Didi operates an Elasticsearch platform serving all internal search, logging, security analytics and metric workloads, with over 3000 nodes, 5 PB of data, more than a trillion documents, peak write throughput of 20 M writes per second and nearly one billion queries per day. After implementing hot‑cold data separation, the cluster began experiencing write rejections and latency spikes.

Write Bottleneck Analysis

Initial profiling showed low CPU (<50 %) and idle I/O, yet write speed plateaued at ~200 k writes/s on a 10‑node index and ~300 k writes/s on 16 nodes, indicating a server‑side bottleneck rather than client resources.

Key observations from bulk request slow‑log entries: items=7014 totalMills=2206 max=2203 avg=37 The maximum latency of a bulk request is determined by the slowest BulkShardRequest, revealing a classic long‑tail effect in distributed systems.

Elasticsearch Write Model

A bulk request is assembled on the client node, routed by the document’s routing value into multiple BulkShardRequest s, each sent asynchronously to a shard’s data node. The client waits for all shard responses before returning.

Root Causes of the Long Tail

Lucene refresh : Refresh operations are performed on write threads, causing occasional long pauses.

Translog ReadWriteLock : Write locks block concurrent writes, sometimes adding >100 ms latency.

Write queue saturation : When the write queue fills, requests wait (e.g., waitTime ≈ 200 ms) before execution.

JVM GC pauses : GC can stall writes for tens to hundreds of milliseconds.

Optimization Strategies

1. Write Model Optimization (Eliminate Long Tail)

Introduce a logical shard layer ( number_of_routing_size) and map a batch of bulk requests to a single physical shard using a consistent random routing value. The mapping formula:

slot = hash(random(value)) % (number_of_shards/number_of_routing_size)
shard_num = hash(_routing) % number_of_routing_size + number_of_routing_size * slot

Client SDK is enhanced to generate a single logical shard per bulk batch, and the server forwards the batch to only that shard, drastically reducing the number of shard round‑trips.

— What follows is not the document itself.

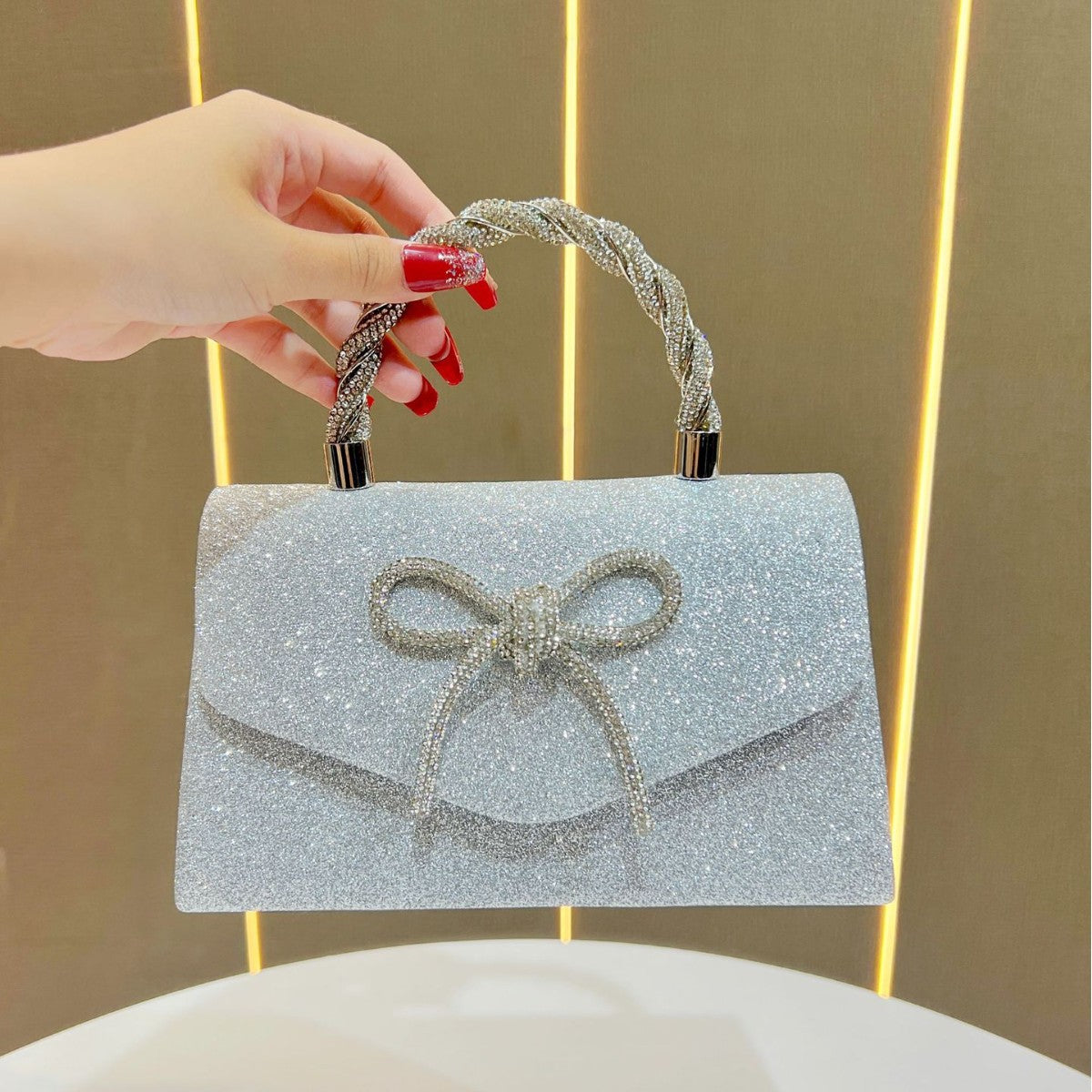 Sparkling Bow-Detail Evening Handbag — product view 1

2. Single‑Node Write Capability Boost

Back‑ported community improvements: disable refresh on _flush and _force_merge, and translog sync optimizations ( #45765, #47790), yielding ~18 % gain.

Optional translog disabling (with a dynamic switch) for high‑throughput indices, providing 10‑30 % extra speed.

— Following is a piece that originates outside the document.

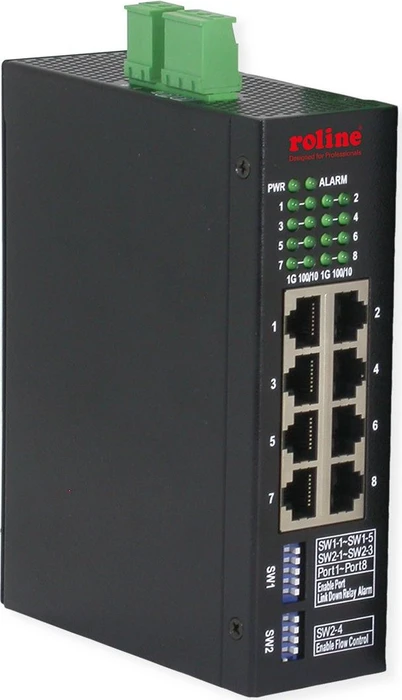 Roline Industrial Railmount Gigabit Smart Switch, 8x RJ-45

Lucene write‑flow tweak to avoid synchronous segment flush, adding 7‑10 % improvement.

3. Data Cleaning

Removed two large redundant fields (args, response) from log documents, achieving ~20 % write speed increase and ~10 % storage savings.

Production Results

Write model gains : TPS rose from ~50 k/s to 120 k/s (≈2× increase) without changing hardware.

Write rejection reduction : Queue‑full rejections dropped dramatically, improving overall CPU utilization.

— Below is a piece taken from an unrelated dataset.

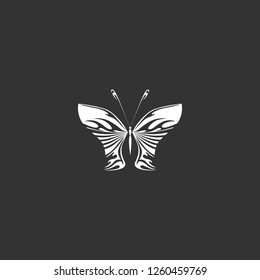 butterfly icon vector. butterfly sign on black background. butterfly icon for web and app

Latency mitigation : End‑to‑end write latency fell substantially, as shown by before/after latency charts.

The combined optimizations allowed Didi to support hot‑cold separation and large‑spec storage on fewer SSD machines, retiring over 400 physical servers and saving roughly ten million dollars annually.

Conclusion

Didi’s deep dive into Elasticsearch’s write path uncovered multiple long‑tail contributors. By routing bulk traffic to a single shard, tuning Lucene and translog behavior, and cleaning data, the team more than doubled write throughput, cut costs, and set the stage for further performance and stability enhancements.